コンサルティング情報

第18回 会計事務所の分業化

 今回は、「日本の中小企業を元気にするためには、会計事務所・税理士事務所が元気にならなければならない」という信念のもと、日々のコンサルティングを行なっている、竹内実門が担当させていただきます。

 現場に近いコンサルティング情報や、いくつかの業種に特化した情報をお届けするこの「現場コンサルタントの生の声」ですが、今回は、『会計事務所の分業化』ついてお話ししようと思います。

 会計事務所・税理士事務所は、クライアント別に担当制を敷いて業務に当たっています。この制度は、顧客との親密性を高めるという大きなメリットがありますが、全てがその担当者に依存するというデメリットも併せて持ち合わせています。

 例を挙げて説明しましょう。

 会計事務所・税理士事務所の場合、年末から年度末にかけて、「年末調整業務」「確定申告」「12月決算業務」と業務が集中します。この時期になると、事務所の冷蔵庫に「リポ○○○D」が常備されるところも珍しくありません。それくらいハード業務が続くのです。

 そんなときに、風邪や体調不良で担当者が不在になるということもかなりの確率で想定されます(実際に起こっています)。特に確定申告業務では、資料の収集、状況の確認、記帳代行、申告書作成・・・と一人が十数件以上の担当をこなしています。毎月の顧問業務であれば、少々の遅れは仕方ない部分もありますが(本当はダメですけど)、確定申告の場合は期日が決まっているものです。

 つまり、担当者しか業務の状況が分かっていないケースがほとんどで、担当者に何かあった場合は、大きな問題になってしまいます。

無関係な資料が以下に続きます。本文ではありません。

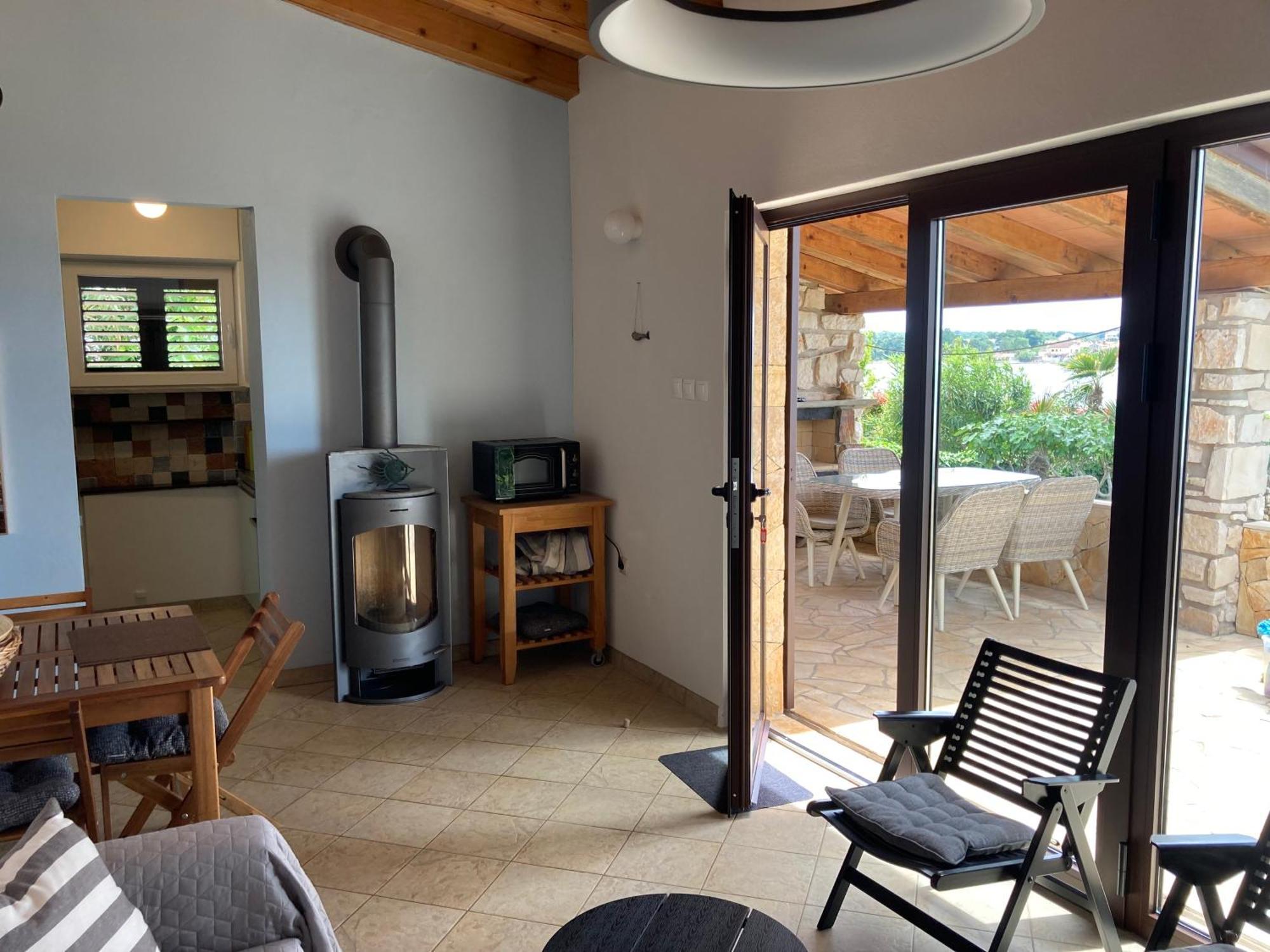 Karigador Beach House Eksteriør bilde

 さらに、もうひとつの弊害として、「クレーム」があります。契約破棄のような大きなクレームは、直接所長なり、事務所に届きますが、そこまではいかないけれど、ささやかな「クレーム」が、事務所まで届かないことが多いのです。それが積もり積もって、大きなクレームに・・・なんてことも珍しくはありません。

 そこで、「分業化」です。

 顧客の状況を把握する人、必要な資料を集める人、記帳代行を行なう人、申告書を作成する人、お客様のところで説明する人・・・など、「確定申告」の業務プロセスを分解して、分業化していくのです。

 そのようにすることにより、
  1)個人に依存しなくなり
  2)分業化による生産性の向上(10倍以上の生産性は実証済み)
  3)リスク分散
  4)CSの向上
に繋がります。

 顧客からすると、今まで担当者一人だったのが、担当者がニ〜三人に増えることになり、「手厚くやってくれているな!」と感じて頂けます。また、クレームも事務所として吸い上げることが可能となります。

 一般の企業では、「分業化」というのは当たり前のキーワードですが、まだまだ会計事務所・税理士事務所の業界では浸透しているとは言えません。

 また、船井総研では、この全体のプロセスの「記帳代行」を中国でアウトソーシングしています(2006年9月12日の日経産業新聞25面、我が社の価格戦略のコーナーでも取り上げられました)。こうすることにより、会計事務所・税理士事務所本来の業務効率を上げるだけではなく、空いた時間で、より付加価値の高いサービスの提供を行なう仕組みづくりを支援しております。